(Data records)
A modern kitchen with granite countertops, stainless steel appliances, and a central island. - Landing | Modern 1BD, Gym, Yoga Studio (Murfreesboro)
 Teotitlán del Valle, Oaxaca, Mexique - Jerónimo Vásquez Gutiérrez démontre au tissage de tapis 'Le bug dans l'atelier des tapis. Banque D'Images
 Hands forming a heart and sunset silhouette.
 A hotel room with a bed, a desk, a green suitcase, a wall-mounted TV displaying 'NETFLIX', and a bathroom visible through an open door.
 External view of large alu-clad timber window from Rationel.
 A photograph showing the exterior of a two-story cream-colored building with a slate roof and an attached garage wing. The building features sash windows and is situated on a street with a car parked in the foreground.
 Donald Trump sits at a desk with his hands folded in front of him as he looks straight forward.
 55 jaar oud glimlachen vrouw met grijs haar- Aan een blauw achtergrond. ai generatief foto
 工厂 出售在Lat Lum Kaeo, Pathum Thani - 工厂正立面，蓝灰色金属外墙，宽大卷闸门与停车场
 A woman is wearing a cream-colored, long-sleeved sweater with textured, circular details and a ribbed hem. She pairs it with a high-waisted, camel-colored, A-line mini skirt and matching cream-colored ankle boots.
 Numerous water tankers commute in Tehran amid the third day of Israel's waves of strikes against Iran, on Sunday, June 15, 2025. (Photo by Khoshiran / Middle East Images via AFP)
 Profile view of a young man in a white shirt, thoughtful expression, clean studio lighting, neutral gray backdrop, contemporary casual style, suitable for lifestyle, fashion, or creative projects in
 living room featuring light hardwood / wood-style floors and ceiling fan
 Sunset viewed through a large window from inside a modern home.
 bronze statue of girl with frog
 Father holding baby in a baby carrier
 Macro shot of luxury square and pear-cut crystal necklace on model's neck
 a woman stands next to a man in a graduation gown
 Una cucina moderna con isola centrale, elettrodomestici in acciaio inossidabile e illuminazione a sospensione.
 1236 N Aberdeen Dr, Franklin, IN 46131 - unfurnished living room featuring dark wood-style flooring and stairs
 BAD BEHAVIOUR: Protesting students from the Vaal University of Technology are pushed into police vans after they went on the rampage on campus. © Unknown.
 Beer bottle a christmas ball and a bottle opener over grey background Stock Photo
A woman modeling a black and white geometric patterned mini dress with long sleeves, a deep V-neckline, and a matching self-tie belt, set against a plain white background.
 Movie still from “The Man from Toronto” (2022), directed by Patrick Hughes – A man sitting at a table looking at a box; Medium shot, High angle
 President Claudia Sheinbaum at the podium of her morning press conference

TASK STATEMENT.
Output, and output only, the lines from the one containing "Movie still from" through the last line of the data above.

RESPONSE FOR THIS EXERCISE.
 Movie still from “The Man from Toronto” (2022), directed by Patrick Hughes – A man sitting at a table looking at a box; Medium shot, High angle
 President Claudia Sheinbaum at the podium of her morning press conference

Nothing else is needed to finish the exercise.